Time and again, we find that we do not know these people or that world nearly as well as we think we do. Even those of us who have studied it extensively, those of us with a passion for or interest in history, can be surprised by the ancient world and its people. For instance, if I told you this morning to imagine yourself in a Greek temple, like the Parthenon in Athens, what images would come to your mind? A beautiful tall building, wondrous statues dedicated to pagan gods, everything in white: the stone, the clothing, the walls, the pillars, everything that shining polished look of marble.
And what if I told you that’s absolutely wrong?
Turns out, historians and archaeologists have since discovered that the Greeks didn’t really go for that white marble look that we so often attribute to them. They would paint their statues in vivid color: reds, blues, yellows, flesh tones, and so forth. The Parthenon would look less like a shrine dedicated to the color white and far more like the Big Top of a circus.
So what does all this have to do with the baptism of Jesus?
The Gospels are, in a sense, their own form of art, more that of sound and the written word than that of the visual. Often times they rely on the experience of the hearer or the reader to fill in the blanks. And often times, those “blanks” are that vivid colorful world that we barely understand. Symbol is hugely important in the Gospels. These authors are trying to convince their readers of the importance of Jesus and his mission and they don’t just do that with the words. They don’t just do that with what they say. They also do it by what they don’t say, by what is implied, by what is in those blanks.
Mark, possibly of all the Gospel authors, is the true master of this. That may be why his Gospel text is the shortest of the four. He wants us to add in the pieces he leaves out. And that’s harder for us to do now in the 21st century than it was in the 1st when his text was first written, because we do not fully understand that world. We don’t even picture it right.

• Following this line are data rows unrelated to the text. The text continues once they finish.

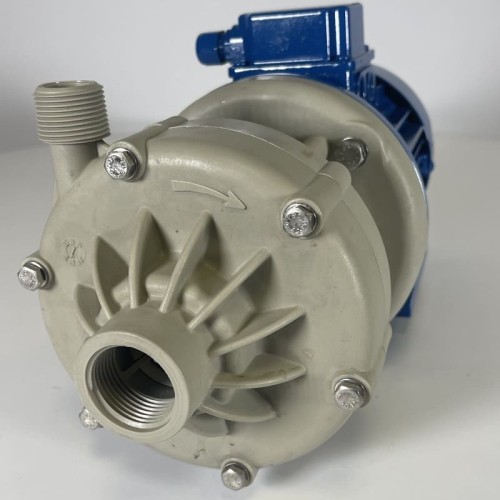 Pumpe mit Magnetkupplung  DM 06 PP mit 0,37 kW Elektromotor
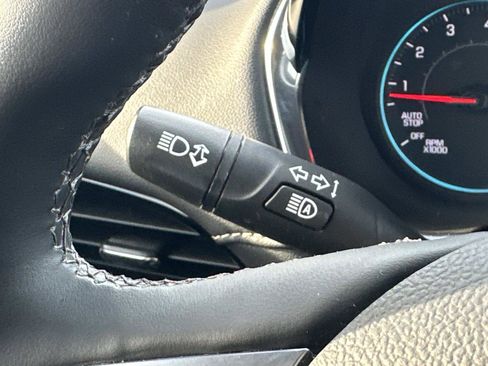 Certified 2023 Chevrolet Traverse LT w/ LT Premium Package image 28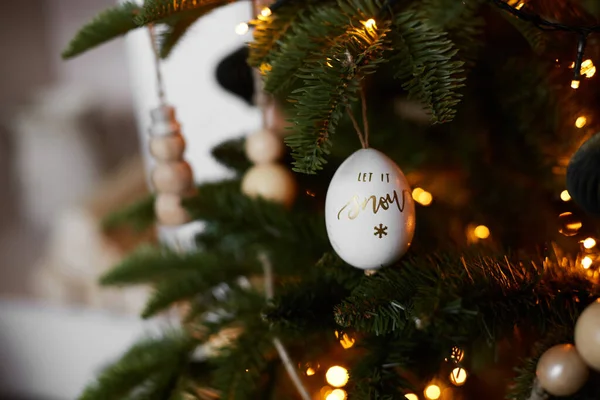 Kerstversiering in de vorm van ei met belettering Laat het sneeuwen. Vrolijk Kerstfeest en Gelukkig Nieuwjaar — Stockfoto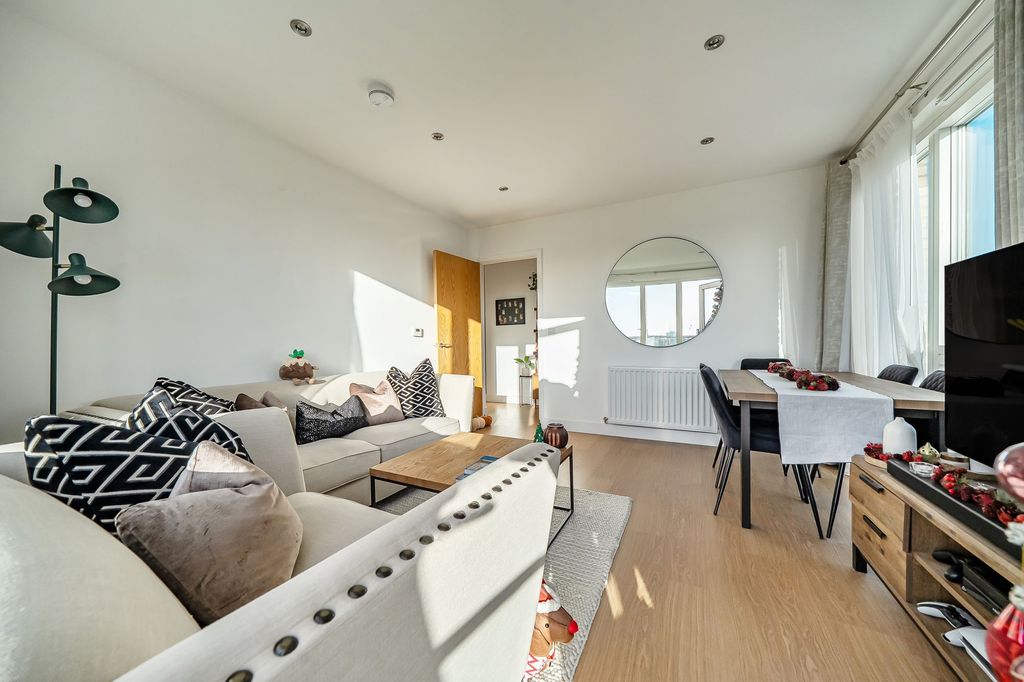 Property photo 2 of 26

On Christmas Eve, I introduced the idea of the Gospels bookending themselves symbolically. Luke’s Gospel, for instance, does this with the manger. The rough misshapen wood of the feeding trough into which the infant Jesus is laid prefigures the rough misshapen wood upon which he will die at Golgotha. Mark does this too, but it’s not as easy to see.
Mark, for one thing, begins his narrative of Jesus’ life with the baptismal story, not Christmas. We have all the familiar elements: John the Baptist, the River Jordan, Jesus coming to John for baptism, the sky tears open, God speaking, all that. One of these pieces is a “book end.” One of these pieces symbolically prefigures where Jesus’ life will take him. One of these pieces points to the cross. But which one?
And here’s where that knowledge of what the ancient world was truly like comes in. Jerusalem, like Greece or China, was a colorful place. The great temple was a massive structure, and it was not a building of dull brown stone. It is said to have been gilded in gold and precious metal, that it shone out in the sun. And upon its entrance was a great tapestry, this gigantic piece of cloth upon which was woven a magnificent image of the night sky. Again, symbolism being important. Those entering the temple would pass through this tapestry to go inside, going from (in a sense) Earth to the heavens.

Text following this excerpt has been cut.